[[ Entries provided open ]]

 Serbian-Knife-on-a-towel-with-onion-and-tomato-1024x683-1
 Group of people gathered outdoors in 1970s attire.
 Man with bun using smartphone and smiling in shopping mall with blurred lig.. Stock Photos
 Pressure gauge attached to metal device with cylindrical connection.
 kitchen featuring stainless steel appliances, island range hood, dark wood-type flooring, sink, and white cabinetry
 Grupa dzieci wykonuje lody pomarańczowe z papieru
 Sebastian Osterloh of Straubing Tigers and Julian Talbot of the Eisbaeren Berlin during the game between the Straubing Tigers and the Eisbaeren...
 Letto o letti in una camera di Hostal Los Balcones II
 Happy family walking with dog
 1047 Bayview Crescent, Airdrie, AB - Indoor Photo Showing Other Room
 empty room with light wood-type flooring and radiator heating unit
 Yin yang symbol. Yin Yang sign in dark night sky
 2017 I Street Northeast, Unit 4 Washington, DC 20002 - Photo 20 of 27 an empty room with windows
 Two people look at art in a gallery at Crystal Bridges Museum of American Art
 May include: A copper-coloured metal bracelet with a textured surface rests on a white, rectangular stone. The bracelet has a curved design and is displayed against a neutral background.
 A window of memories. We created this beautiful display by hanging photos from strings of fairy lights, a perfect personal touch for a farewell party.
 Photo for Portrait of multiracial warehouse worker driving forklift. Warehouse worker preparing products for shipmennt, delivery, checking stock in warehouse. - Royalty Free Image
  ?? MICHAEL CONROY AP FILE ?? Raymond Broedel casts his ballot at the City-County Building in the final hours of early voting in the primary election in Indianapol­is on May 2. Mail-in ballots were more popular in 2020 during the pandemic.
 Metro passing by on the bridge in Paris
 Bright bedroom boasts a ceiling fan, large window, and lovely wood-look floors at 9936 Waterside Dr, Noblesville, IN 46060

[[ Entries provided closed ]]

:: Problem ::
Transcribe the records in full, so that each line reads exactly as before.

:: Response to this exercise ::
 Serbian-Knife-on-a-towel-with-onion-and-tomato-1024x683-1
 Group of people gathered outdoors in 1970s attire.
 Man with bun using smartphone and smiling in shopping mall with blurred lig.. Stock Photos
 Pressure gauge attached to metal device with cylindrical connection.
 kitchen featuring stainless steel appliances, island range hood, dark wood-type flooring, sink, and white cabinetry
 Grupa dzieci wykonuje lody pomarańczowe z papieru
 Sebastian Osterloh of Straubing Tigers and Julian Talbot of the Eisbaeren Berlin during the game between the Straubing Tigers and the Eisbaeren...
 Letto o letti in una camera di Hostal Los Balcones II
 Happy family walking with dog
 1047 Bayview Crescent, Airdrie, AB - Indoor Photo Showing Other Room
 empty room with light wood-type flooring and radiator heating unit
 Yin yang symbol. Yin Yang sign in dark night sky
 2017 I Street Northeast, Unit 4 Washington, DC 20002 - Photo 20 of 27 an empty room with windows
 Two people look at art in a gallery at Crystal Bridges Museum of American Art
 May include: A copper-coloured metal bracelet with a textured surface rests on a white, rectangular stone. The bracelet has a curved design and is displayed against a neutral background.
 A window of memories. We created this beautiful display by hanging photos from strings of fairy lights, a perfect personal touch for a farewell party.
 Photo for Portrait of multiracial warehouse worker driving forklift. Warehouse worker preparing products for shipmennt, delivery, checking stock in warehouse. - Royalty Free Image
  ?? MICHAEL CONROY AP FILE ?? Raymond Broedel casts his ballot at the City-County Building in the final hours of early voting in the primary election in Indianapol­is on May 2. Mail-in ballots were more popular in 2020 during the pandemic.
 Metro passing by on the bridge in Paris
 Bright bedroom boasts a ceiling fan, large window, and lovely wood-look floors at 9936 Waterside Dr, Noblesville, IN 46060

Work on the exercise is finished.